Sulb Steel, a joint venture between Bahrain-based Foulath (51 per cent) and Japan’s Yamato Kogyo, has embarked on cost-cutting in the wake of low steel prices and dumping, a senior official says.
“We’re still in the ramping up stage. We have the orders, the capability and demand, but just how fast we ramp up to full capacity would depend on the steel market which is not very encouraging now with steel prices having plunged,” said Gottfried Fuerthner, acting chief executive and general manager for
logistics at Sulb Steel.
The company, whose main production facilities are in Bahrain’s Hidd Industrial Area and adjacent to its pellets supplier Bahrain Steel, began commercial operations less than three years ago. The company utilises 1.8 to 2 million tonnes of pellets from Bahrain Steel and is one of the few steel plants in the world that have an integrated operation.
Its Saudi unit, Sulb Saudi, operates from Jubail in the Eastern Province. The unit, which functioned for 15 years and operated under another name until it was taken over by Sulb in 2011, receives billets produced at Sulb Bahrain.
Sulb Steel has a total capacity of 1 million tonnes for angles, beams, flat beams and channels. In Bahrain, the company produced 400,000 tonnes in 2015 and had beams as its best-selling product, amounting to approximately 90 per cent of output. Around 10 per cent of production was made up by angles. The company also produces flat beams and channels but in insignificant quantities.
“Some 40 per cent of Bahrain’s production goes to the UAE, another 40 per cent to Saudi Arabia and the remainder to Qatar, Kuwait, the wider Mena region and Germany.
Fuerthner said shipments to Germany were a testament to Sulb’s high production standards. “Germany is very quality conscious; they buy from us because of our high standards,” he highlighted. “We can make beams up to 24 m, which few mills in the world can do, and this is one of our biggest advantages. That explains why we have so many orders for long beams.”
The company has capability to make sheet piles that have applications in the construction of wharfs and jetties but is currently not producing them because of poor demand.

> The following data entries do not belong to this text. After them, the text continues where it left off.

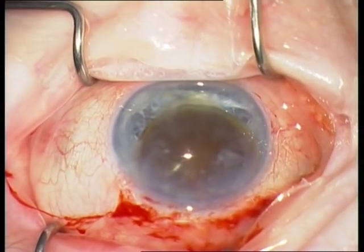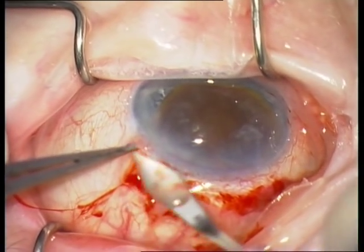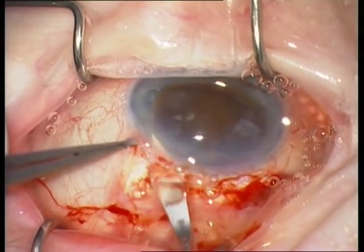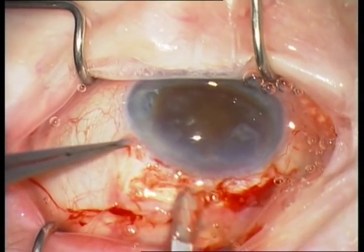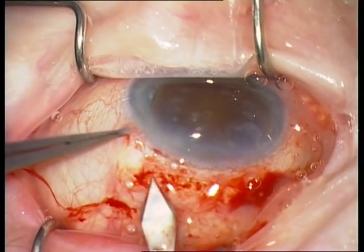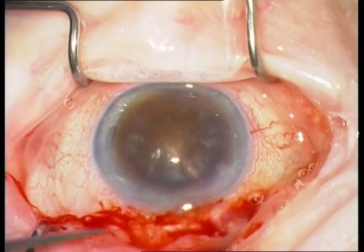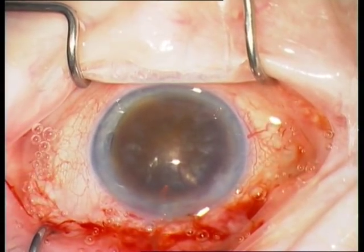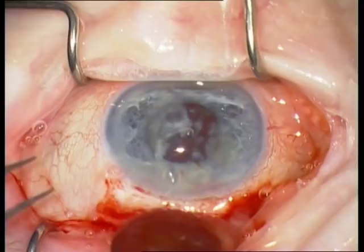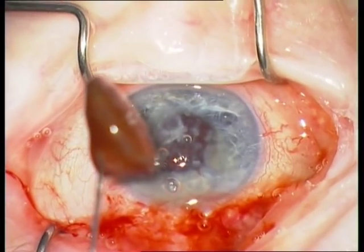Insert the fish hook and pull out the nucleus. If the nucleus gets stuck, don't continue — widen the frown incision with the 2.4 mm blade. Then start a new attempt: insert the fish hook and extract the nucleus with the fish hook. A very brown nucleus.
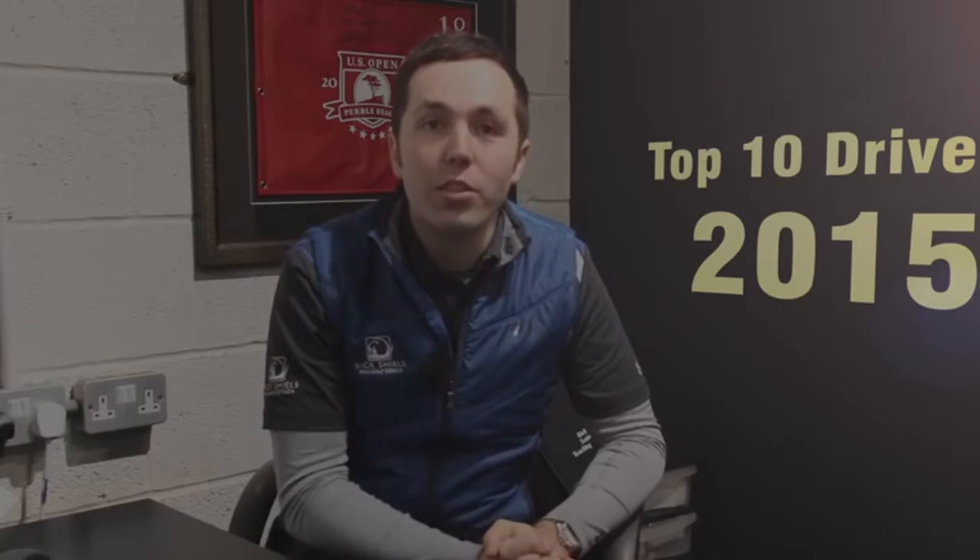Hi guys, so it's a new season. You might be looking at what driver to use. I'm going to give you a top 10 drivers that you should be looking to try in 2015.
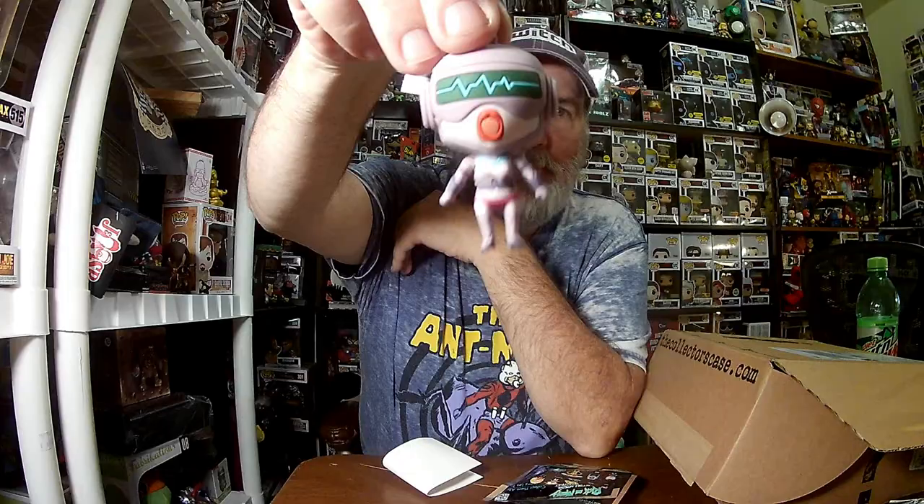I do not see a split so let me pull it open. This must be one of the exclusives - it's kind of nice. I do not know the character but I like the color. Interesting. Alright, one down.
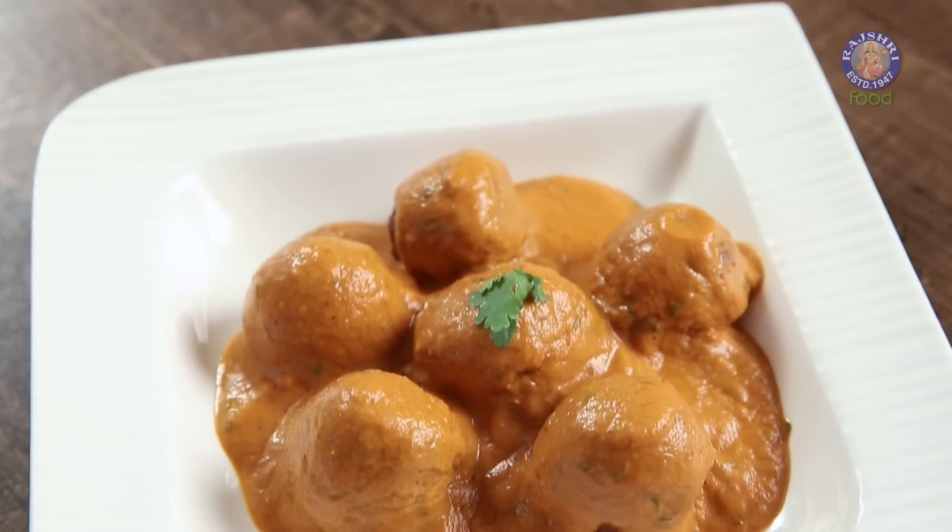Today we are going to make a vegan version of everyone's favourite, Malai Kofta — that is, Tofu Malai Kofta.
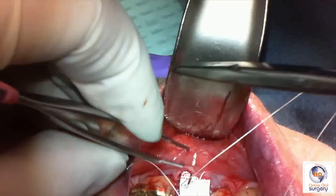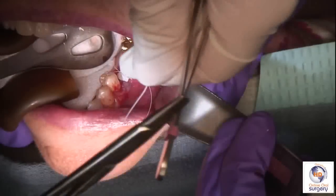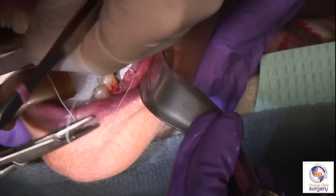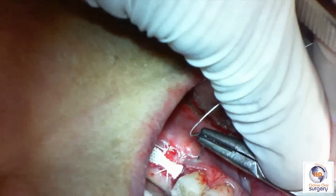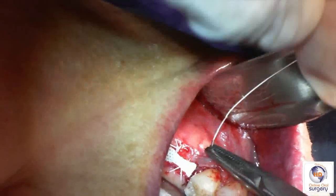The reason I like to do it this way is that if you catch the membrane at all with the needle, rather than pulling the membrane out, it actually helps pull the membrane down in. So then we're going to tie our surgeon's knot to secure the membrane in place. The Cytoplast suture is a little stiffer and has a little more memory than a silk suture, so I always put an extra throw into it — a total of four throws rather than three.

In earlier years it had low-volume orders but Fuerthner highlighted that production would not be feasible if there was no continuous production at the plant.
Sulb Saudi produced around 350,000 tonnes of steel, mainly for angles and light sections up to 200 mm whereas the Bahrain plant can make medium and heavy sections from 200 mm to 900 mm.
Demand for angles has declined in Saudi Arabia, said Fuerthner.
Sulb Saudi’s hot strip mill has capacity of 400,000 tonnes against Sulb Bahrain’s 550,000 to 600,000 tonnes. Sulb Bahrain also has a direct reduction iron mill whose nominal capacity is 1.5 tonnes annually.
The company had the first complete maintenance shutdown to check the plant after two years of operations and it emerged the mill was in a very healthy condition, said Feurthner. “In fact, less maintenance work was needed than expected. We’re now in position to have 1.5 to 1.7 million tonnes per year. Last year we produced up to capacity and next year if the market capacity is good, we’ll produce more.”
Sulb Bahrain’s melt shop has a capacity of 1 million tonnes annually and is expected to produce 850,000 to 900,000 tonnes in 2015 compared with 900,000 tonnes in 2014.
RAMPING UP AND MARKETS
The Bahrain operation expects to achieve full ramp up in 2017. “Sulb needs a lot of learning and fine tuning,” said Feurthner. “We have close cooperation with Yamato Kogyo and we exchange staff.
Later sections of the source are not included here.